The semiconductor sector relies extensively on a diverse range of process gases during manufacture, some of which are rare and valuable. Sourcing, using and disposing of these gases responsibly is a significant sustainability concern.
As our dependence on digital systems continues to grow, so too will the demand for gases used in semiconductor manufacturing. At the same time, shareholders and end-users are increasingly applying pressure on the sector to reduce emissions. The recovery (transfer into other commodity) and recycling of these gases are important for several reasons.
7 Reasons to Recycle & Recover Gases
- Cost Efficiency: Some gases can be costly to produce or acquire, so recovering and recycling them can significantly reduce operational costs.

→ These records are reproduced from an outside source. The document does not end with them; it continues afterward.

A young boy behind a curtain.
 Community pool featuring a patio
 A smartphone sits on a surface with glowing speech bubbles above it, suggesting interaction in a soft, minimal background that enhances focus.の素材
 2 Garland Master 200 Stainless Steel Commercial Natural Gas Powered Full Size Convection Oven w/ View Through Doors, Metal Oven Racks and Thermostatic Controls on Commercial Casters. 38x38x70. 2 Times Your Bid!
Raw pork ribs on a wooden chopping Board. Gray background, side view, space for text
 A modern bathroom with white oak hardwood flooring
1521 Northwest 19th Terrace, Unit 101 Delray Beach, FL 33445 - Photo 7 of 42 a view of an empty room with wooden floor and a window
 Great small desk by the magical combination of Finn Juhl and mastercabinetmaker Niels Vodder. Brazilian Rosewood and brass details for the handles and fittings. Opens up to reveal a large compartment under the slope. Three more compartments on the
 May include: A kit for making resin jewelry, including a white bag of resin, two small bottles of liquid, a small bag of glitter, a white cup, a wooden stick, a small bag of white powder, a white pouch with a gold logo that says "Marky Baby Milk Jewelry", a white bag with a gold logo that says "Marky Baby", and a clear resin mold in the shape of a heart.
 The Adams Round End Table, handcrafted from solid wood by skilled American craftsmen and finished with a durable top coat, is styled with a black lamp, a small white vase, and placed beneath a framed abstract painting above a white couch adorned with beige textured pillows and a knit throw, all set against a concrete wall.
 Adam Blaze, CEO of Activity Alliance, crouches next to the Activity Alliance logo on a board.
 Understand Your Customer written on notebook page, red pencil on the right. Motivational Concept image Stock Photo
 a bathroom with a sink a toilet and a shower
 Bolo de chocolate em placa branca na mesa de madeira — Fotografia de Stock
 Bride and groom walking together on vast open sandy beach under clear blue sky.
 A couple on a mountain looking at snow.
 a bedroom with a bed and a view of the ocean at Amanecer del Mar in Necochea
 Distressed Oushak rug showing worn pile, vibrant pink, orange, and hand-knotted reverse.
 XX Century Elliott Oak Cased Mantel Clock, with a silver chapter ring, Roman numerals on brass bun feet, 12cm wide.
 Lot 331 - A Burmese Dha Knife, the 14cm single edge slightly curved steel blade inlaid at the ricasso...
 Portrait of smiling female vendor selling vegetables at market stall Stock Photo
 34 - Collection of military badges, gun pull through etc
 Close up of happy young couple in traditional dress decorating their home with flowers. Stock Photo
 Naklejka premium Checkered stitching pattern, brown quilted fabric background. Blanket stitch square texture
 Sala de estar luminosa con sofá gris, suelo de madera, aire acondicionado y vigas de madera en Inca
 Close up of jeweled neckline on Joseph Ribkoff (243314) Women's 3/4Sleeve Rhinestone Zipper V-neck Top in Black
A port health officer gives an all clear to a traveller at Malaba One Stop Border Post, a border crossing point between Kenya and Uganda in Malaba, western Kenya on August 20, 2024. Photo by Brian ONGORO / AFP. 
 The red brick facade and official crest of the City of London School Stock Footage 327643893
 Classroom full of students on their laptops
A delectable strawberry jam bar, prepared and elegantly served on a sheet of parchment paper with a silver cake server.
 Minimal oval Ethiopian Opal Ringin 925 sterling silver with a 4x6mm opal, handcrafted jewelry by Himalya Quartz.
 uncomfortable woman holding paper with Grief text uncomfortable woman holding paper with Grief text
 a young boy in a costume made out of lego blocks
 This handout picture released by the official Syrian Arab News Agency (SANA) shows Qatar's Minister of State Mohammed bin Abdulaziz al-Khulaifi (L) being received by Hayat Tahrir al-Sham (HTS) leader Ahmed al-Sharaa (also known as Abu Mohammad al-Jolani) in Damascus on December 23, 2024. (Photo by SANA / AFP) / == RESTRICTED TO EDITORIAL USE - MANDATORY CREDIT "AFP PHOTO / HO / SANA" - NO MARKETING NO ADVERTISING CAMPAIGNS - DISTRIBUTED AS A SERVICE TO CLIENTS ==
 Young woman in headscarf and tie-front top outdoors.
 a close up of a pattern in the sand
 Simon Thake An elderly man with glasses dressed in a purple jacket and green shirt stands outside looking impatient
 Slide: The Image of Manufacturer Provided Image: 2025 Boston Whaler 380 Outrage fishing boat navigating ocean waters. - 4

- Conservation of Resources: Many rare gases are sourced from limited reserves, and their extraction can have severe environmental impacts.
- Environmental Impact: The production of gases can have negative environmental consequences, including increased energy consumption and greenhouse gas emissions.
- Stable Supply Chain: Supply chain disruptions of process gases due to market fluctuations, geopolitical factors or unforeseen events can have a severe impact on production and possibly lead to increased costs or delays in manufacturing lead times.
- Regulatory Compliance: There are regulations governing the emission and disposal of certain gases due to their potential impact on human health and the environment.
- Process Consistency and Quality: Using recycled gases that have been purified and analysed ensures that the desired quality and process specifications are maintained.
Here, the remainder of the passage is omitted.